What’s left strikes me as too old even to think about right now. Three miles away the ruins of Myra – not the town itself, exactly, where St. Nicholas was Bishop, but the older parts, the ruins of the theater and necropolis. And the residue – more residue (like car parts in a junkyard, stacked and waiting for redemption) than anything else. Old columns, capitals and masks. So many white, astonished Greek (or Greek/Lycian?) theatrical masks. They must have gaped from every decorative opportunity. Tragic, comic marble masks. Their mouths wide open. How I wish I hadn’t packed away my guidebook. It would tell me where they went and what they meant. All I can think – and as I say, it seems too much – is how, so close beneath the tombs on the cliff above, they seem like faces of the dead.

Nancy Rebal on the beach in Demre

On the way back, Nancy wants to visit the beach.
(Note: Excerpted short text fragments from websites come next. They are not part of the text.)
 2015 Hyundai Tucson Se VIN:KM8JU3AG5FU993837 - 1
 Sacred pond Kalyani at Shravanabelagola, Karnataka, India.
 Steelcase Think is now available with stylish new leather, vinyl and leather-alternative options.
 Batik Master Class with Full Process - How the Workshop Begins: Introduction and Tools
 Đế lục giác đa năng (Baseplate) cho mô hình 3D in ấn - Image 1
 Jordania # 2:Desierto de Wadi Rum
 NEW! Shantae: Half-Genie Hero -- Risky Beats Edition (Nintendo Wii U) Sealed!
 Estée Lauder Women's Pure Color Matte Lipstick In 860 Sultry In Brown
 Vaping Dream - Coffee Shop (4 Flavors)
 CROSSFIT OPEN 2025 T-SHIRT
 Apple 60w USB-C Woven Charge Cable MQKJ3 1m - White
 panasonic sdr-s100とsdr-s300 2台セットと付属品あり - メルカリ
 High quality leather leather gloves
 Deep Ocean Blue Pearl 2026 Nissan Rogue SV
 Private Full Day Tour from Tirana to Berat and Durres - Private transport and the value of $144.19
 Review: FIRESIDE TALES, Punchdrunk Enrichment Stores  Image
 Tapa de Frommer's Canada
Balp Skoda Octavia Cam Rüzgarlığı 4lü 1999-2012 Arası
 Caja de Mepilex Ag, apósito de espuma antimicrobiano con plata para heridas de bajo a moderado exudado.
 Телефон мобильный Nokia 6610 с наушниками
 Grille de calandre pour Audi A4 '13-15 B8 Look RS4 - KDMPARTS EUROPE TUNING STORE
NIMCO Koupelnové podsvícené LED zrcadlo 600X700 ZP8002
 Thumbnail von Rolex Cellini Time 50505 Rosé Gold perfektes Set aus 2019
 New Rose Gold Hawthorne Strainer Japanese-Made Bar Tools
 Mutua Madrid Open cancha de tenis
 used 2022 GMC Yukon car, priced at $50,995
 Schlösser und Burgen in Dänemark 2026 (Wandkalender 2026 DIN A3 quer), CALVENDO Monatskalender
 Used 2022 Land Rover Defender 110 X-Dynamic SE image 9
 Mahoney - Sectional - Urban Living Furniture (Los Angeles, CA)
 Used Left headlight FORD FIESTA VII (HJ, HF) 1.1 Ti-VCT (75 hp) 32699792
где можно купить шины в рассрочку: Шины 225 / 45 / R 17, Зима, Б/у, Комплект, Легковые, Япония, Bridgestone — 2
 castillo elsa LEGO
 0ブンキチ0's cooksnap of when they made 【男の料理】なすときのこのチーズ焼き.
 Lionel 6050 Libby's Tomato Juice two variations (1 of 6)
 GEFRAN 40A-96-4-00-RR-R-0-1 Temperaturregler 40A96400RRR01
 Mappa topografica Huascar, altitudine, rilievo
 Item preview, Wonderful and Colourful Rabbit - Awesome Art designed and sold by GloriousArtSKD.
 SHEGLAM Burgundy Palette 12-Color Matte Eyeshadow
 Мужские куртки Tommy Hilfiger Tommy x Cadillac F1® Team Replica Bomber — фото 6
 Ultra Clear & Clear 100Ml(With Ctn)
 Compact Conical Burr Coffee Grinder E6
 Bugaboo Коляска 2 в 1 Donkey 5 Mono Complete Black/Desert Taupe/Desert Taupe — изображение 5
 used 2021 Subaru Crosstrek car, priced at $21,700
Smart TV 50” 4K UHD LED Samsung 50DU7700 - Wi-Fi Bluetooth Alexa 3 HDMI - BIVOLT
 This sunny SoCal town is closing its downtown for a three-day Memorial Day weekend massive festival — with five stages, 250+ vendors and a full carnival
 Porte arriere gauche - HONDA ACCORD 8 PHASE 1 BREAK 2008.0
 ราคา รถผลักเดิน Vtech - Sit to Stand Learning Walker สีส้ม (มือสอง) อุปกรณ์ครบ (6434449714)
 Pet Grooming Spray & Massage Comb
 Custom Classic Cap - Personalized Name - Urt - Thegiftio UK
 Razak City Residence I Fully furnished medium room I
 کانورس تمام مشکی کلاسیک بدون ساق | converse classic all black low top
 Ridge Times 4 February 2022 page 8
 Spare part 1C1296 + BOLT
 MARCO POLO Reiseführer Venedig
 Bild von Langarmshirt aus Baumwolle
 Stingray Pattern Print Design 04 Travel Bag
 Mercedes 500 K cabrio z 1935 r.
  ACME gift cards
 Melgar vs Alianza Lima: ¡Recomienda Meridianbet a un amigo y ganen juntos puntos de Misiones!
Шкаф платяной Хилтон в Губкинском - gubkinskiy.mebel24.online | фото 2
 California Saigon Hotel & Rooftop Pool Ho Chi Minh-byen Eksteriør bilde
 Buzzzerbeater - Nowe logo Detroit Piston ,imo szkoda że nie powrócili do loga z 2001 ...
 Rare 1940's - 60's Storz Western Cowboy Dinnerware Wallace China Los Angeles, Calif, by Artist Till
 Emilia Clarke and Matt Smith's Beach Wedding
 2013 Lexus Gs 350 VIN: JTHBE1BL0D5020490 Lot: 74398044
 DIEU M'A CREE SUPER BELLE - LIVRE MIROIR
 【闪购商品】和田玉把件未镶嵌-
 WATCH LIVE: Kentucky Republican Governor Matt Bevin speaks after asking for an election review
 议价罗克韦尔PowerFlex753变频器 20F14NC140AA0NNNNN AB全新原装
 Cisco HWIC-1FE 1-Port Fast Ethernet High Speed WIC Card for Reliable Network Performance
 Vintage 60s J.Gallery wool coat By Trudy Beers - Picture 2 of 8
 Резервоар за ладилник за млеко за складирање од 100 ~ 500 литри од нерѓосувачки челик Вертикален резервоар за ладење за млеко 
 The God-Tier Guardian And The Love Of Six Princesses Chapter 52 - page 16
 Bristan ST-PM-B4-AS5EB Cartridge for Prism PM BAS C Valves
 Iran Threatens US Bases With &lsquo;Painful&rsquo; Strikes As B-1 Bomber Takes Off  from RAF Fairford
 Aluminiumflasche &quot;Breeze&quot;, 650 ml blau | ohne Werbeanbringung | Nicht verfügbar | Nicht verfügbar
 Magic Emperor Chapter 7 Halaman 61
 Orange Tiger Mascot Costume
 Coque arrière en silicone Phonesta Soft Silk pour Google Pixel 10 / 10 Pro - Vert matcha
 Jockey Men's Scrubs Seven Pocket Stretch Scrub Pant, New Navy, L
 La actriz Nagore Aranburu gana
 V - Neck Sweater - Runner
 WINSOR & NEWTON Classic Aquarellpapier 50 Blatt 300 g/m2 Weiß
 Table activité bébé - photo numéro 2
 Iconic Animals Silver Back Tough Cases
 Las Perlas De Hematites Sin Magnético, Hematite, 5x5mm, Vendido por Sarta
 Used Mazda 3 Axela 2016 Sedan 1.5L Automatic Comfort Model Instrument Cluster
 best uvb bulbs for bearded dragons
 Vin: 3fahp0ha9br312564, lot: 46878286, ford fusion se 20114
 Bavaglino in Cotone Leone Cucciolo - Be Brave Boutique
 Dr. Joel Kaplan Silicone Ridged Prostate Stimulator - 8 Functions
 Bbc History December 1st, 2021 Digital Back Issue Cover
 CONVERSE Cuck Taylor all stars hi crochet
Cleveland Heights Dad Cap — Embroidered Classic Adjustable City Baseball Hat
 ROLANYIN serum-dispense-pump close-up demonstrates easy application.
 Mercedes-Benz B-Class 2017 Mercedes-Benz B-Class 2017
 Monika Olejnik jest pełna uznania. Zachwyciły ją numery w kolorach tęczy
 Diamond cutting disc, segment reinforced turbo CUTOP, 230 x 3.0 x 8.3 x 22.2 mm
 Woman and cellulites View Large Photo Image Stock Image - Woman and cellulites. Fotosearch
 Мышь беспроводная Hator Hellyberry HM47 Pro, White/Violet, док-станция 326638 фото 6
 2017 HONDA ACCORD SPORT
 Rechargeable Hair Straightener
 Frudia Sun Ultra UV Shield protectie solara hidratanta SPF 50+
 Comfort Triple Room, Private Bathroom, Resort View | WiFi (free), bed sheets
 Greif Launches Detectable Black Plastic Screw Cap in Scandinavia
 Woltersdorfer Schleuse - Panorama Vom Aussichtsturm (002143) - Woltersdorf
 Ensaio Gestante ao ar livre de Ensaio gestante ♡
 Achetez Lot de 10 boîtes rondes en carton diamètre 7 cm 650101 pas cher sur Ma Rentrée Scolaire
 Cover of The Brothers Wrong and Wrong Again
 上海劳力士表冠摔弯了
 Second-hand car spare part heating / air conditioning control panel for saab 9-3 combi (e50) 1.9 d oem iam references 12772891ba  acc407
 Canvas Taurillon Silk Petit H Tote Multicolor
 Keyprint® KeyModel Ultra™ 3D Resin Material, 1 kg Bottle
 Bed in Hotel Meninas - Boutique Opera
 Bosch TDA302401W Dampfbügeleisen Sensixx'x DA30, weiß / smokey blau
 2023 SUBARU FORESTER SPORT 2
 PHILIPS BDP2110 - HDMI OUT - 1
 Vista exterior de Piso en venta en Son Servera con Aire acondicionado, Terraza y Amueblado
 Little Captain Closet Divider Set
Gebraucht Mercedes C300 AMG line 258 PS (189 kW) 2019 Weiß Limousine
We pull into a spot for public access. There are campers. Are they Gypsies? How do you tell? Dohan waits by the car. There are no cicadas here. Just surf. The shore arcs way around to the east and out to a postcard point of land. “Come here,” says Nancy. She is wading. Standing now in the surf and bent a little,  head turned. “Listen.” There’s the sound of surf but underneath another – dragging and abrasive. It’s the rocks. The pebbles. “Dover Beach.”  The shore is made of differently colored pebbles and the surf is doing its work. “Look,” Nancy says. She’s scooped some up and they’ve been graded – large on top and smaller and smaller underneath. There is a system here. She scoops a little deeper, brings up smaller ones – all shades of white and gray and brown and black with different geological histories, I guess, but processed here into these simple, pretty things that come so easily into the hand, the pocket. Nancy chooses a few to keep. To take home as mementos. Just to have. Right at the edge of dissolution beauty comes into the hand. We can’t let go.